Brief descriptive captions

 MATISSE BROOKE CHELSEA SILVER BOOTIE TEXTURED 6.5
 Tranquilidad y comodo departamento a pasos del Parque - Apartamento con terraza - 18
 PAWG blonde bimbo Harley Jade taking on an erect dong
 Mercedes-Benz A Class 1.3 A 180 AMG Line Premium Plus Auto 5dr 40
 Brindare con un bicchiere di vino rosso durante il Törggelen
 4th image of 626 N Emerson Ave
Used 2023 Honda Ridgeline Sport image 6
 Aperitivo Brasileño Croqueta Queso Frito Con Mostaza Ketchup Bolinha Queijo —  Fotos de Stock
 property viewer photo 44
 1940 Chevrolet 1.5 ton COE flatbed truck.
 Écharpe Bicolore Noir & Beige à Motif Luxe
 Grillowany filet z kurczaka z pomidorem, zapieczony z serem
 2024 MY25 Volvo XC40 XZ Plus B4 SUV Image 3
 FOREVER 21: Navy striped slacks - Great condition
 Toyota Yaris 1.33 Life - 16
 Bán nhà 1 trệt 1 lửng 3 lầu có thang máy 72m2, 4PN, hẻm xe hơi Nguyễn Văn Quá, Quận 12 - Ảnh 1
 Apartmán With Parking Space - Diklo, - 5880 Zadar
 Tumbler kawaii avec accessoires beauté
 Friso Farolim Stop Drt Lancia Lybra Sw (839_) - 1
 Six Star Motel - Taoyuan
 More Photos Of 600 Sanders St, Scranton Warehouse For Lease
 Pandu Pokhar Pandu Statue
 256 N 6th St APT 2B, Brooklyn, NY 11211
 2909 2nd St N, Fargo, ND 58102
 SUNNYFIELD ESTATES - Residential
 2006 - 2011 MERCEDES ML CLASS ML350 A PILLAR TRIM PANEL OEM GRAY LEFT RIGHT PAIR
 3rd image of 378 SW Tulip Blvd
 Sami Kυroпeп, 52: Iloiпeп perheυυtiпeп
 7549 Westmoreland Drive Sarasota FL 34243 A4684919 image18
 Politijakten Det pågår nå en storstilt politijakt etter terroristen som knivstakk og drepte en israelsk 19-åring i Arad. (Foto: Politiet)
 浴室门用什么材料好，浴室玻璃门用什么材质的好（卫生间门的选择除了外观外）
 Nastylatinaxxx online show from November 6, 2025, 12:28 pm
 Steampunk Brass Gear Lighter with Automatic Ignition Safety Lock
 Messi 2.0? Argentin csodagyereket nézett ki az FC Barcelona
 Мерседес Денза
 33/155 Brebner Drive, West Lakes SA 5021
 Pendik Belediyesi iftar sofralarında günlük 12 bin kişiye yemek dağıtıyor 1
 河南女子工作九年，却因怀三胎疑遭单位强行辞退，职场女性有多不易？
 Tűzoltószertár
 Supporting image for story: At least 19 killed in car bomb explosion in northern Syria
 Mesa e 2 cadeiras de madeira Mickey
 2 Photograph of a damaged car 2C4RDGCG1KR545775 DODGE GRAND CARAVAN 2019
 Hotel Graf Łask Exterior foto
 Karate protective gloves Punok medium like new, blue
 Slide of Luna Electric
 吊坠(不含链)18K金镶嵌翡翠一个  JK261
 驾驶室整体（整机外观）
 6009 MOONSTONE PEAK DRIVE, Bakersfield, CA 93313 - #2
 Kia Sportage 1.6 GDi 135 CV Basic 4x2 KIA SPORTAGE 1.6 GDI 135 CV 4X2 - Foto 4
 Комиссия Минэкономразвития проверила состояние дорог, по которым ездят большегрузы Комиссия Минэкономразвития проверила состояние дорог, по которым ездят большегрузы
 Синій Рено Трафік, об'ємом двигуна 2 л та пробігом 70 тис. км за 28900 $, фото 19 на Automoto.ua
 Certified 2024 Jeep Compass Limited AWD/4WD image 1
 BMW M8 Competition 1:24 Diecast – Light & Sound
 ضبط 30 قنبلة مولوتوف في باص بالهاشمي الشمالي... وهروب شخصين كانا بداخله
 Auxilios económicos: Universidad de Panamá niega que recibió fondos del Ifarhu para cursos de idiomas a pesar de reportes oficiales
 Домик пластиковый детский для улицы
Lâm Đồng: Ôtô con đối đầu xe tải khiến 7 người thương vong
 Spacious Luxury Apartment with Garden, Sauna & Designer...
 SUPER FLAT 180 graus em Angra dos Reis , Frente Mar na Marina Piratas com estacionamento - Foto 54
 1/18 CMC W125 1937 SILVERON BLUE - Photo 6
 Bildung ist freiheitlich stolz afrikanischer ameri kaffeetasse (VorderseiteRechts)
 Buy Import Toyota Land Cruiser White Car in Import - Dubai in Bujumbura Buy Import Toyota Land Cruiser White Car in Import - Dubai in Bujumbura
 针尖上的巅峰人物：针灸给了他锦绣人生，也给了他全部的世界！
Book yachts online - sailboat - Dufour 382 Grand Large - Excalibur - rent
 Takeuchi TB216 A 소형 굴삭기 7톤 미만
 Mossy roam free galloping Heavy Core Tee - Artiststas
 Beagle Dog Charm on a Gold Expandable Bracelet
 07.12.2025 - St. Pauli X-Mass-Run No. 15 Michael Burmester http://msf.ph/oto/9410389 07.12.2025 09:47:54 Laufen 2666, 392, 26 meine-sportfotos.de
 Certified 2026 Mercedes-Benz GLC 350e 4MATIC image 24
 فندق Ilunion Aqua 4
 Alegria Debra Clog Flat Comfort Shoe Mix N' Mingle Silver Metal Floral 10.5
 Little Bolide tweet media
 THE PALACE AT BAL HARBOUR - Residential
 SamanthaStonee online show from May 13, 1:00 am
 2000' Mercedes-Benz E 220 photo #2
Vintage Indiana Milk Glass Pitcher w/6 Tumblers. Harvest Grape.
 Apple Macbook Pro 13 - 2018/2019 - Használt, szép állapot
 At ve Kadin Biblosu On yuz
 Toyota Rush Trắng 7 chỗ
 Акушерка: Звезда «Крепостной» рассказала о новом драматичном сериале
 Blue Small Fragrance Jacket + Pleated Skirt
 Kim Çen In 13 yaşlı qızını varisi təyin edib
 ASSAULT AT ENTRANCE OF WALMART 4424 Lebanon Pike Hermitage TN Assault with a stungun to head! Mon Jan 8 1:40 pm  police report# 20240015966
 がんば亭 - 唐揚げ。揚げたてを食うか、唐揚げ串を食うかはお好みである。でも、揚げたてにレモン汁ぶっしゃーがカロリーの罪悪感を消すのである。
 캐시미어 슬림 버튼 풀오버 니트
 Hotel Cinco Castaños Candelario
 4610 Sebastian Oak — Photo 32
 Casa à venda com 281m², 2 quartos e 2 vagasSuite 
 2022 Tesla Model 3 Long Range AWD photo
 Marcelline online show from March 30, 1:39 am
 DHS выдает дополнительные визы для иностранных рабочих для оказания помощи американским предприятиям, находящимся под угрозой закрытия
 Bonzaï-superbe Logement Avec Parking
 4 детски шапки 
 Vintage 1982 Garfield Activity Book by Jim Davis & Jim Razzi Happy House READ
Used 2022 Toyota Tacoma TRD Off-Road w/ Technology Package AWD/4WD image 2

#### Exercise aim:
Return only those lines that run from the one containing "Vintage Indiana Milk" through the end of the entries, keeping each exactly as written.

#### Output of the task:
Vintage Indiana Milk Glass Pitcher w/6 Tumblers. Harvest Grape.
 Apple Macbook Pro 13 - 2018/2019 - Használt, szép állapot
 At ve Kadin Biblosu On yuz
 Toyota Rush Trắng 7 chỗ
 Акушерка: Звезда «Крепостной» рассказала о новом драматичном сериале
 Blue Small Fragrance Jacket + Pleated Skirt
 Kim Çen In 13 yaşlı qızını varisi təyin edib
 ASSAULT AT ENTRANCE OF WALMART 4424 Lebanon Pike Hermitage TN Assault with a stungun to head! Mon Jan 8 1:40 pm  police report# 20240015966
 がんば亭 - 唐揚げ。揚げたてを食うか、唐揚げ串を食うかはお好みである。でも、揚げたてにレモン汁ぶっしゃーがカロリーの罪悪感を消すのである。
 캐시미어 슬림 버튼 풀오버 니트
 Hotel Cinco Castaños Candelario
 4610 Sebastian Oak — Photo 32
 Casa à venda com 281m², 2 quartos e 2 vagasSuite 
 2022 Tesla Model 3 Long Range AWD photo
 Marcelline online show from March 30, 1:39 am
 DHS выдает дополнительные визы для иностранных рабочих для оказания помощи американским предприятиям, находящимся под угрозой закрытия
 Bonzaï-superbe Logement Avec Parking
 4 детски шапки 
 Vintage 1982 Garfield Activity Book by Jim Davis & Jim Razzi Happy House READ
Used 2022 Toyota Tacoma TRD Off-Road w/ Technology Package AWD/4WD image 2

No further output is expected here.